45 with over 20 years working in guitar shops. Just over 12 months in iOS music and every day blows my mind. I play a few instruments but I’ve heard them all a million times on records, at gigs etc. The same goes for chord progressions. 10 minutes on an iPad and I hear music that cannot be performed or even imagined. I play harp and appreciate the ancient beauty but I need to move forward and explore. Love it. Love the forum. It’s the best pub I’ve been to where I can sit and listen and learn.
Sir, I hope you’re right. I’m just getting started here at 51.
51 or 52? I can’t freakin remember!
47 here. I do this as a Hobby.
Lol I never know either.
just remember ... you do not quit playing because you grow old, you grow old because you quit playing
I'm 53. I used to watch music videos on MTV, listen to my favorite bands on the radio, and record my sad little arrangements of a knock off Strat and a Casio drum machine on a Tascam 4 track recorder to cassette. Now I watch music videos on YouTube, listen to my favorite bands on Spotify, and record my sad little arrangements of virtual guitars, synths, drums and weird noises on a 5th generation ipad mini. For the most part, it's all improvement. I do miss being able to go to concerts without taking out a second mortgage.
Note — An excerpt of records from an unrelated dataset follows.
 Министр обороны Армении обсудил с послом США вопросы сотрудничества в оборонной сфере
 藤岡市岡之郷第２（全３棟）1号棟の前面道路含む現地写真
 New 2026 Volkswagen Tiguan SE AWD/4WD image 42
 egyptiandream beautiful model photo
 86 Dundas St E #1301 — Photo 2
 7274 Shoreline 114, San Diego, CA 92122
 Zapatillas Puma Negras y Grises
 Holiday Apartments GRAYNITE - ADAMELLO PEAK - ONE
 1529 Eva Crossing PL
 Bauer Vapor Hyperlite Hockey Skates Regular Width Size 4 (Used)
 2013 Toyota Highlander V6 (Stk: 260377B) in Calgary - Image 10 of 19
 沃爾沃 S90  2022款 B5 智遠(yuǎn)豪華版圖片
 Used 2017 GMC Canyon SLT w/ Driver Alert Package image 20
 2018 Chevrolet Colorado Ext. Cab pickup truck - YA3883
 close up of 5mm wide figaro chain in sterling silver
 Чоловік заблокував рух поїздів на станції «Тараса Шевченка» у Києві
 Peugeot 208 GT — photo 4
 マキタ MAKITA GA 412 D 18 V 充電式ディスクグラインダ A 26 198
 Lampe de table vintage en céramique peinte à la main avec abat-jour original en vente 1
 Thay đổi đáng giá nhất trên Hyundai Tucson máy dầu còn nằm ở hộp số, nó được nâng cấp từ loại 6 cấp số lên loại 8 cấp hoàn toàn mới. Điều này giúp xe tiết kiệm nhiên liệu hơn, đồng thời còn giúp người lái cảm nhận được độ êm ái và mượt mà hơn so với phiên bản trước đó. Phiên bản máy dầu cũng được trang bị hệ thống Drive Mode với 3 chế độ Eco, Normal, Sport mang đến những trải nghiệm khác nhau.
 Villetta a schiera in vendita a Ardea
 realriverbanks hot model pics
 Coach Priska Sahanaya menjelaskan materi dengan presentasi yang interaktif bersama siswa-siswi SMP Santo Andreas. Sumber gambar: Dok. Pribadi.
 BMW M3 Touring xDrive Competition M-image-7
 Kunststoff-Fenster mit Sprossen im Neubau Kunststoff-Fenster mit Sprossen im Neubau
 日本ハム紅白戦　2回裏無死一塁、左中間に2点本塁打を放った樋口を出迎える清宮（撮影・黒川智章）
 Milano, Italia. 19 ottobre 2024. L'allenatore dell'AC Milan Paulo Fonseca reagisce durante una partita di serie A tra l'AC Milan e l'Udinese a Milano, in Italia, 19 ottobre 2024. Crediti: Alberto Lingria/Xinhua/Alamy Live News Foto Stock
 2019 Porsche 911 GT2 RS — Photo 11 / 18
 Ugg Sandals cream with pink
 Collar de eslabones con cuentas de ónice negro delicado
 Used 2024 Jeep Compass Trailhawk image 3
I no longer have any illusion of making a living as a musician. I record my music because I can. Because no matter how old I get I'll never stop feeling the thrill of chasing down a happy accident and trying to turn it into something I want to listen to over and over, even if I'm the only person who enjoys it.
My world in a nutshell-^^
[edit, 36] 34, one of the young’uns here. I abandoned my saxophone and stopped playing music 10 years ago when I started my PhD, and discovered iPad music during quarantine. I decided I’d use the time to build a project in PD I’d been thinking about, a virtual monochord which I could tune using ratios and string-lengths taking from the 16C treatises I work on, and hear the differences between commas, schismas, minor whole tones etc. Can’t say I understand tuning or that I build a great patch, but it was a trip, exactly one year ago.
It occurred to me I could use my iPad as a piano controller for the PD patch. That led into buying some apps, then a controller... then I discovered mirack and drambo and a whole world opened. Oh yeah and then this forum.
I’m on my iPad almost every night, trying things out, listening, learning, getting lost. I’m never trying to finish a track but I’ve done it to learn the process. Synthesizers were an unreachable dream when I was younger, and having them at my fingertips is just something beyond all dreams. Mostly it’s an escape from the horrid life of academic precarity. Not having the pressure to produce something is liberating, not sure if that’s the definition of a hobby.
It’s pronounced ‘freal’ but your emojis are spot on.
Yah, sometimes I gots to hold my breath and tap but when I break through the superficial stuff there is genuine gold in here. Some pretty creative people who have a whole different landscape to contend with than anything I have had to work in, I do find it like anthropology in a parallel dimension, freal.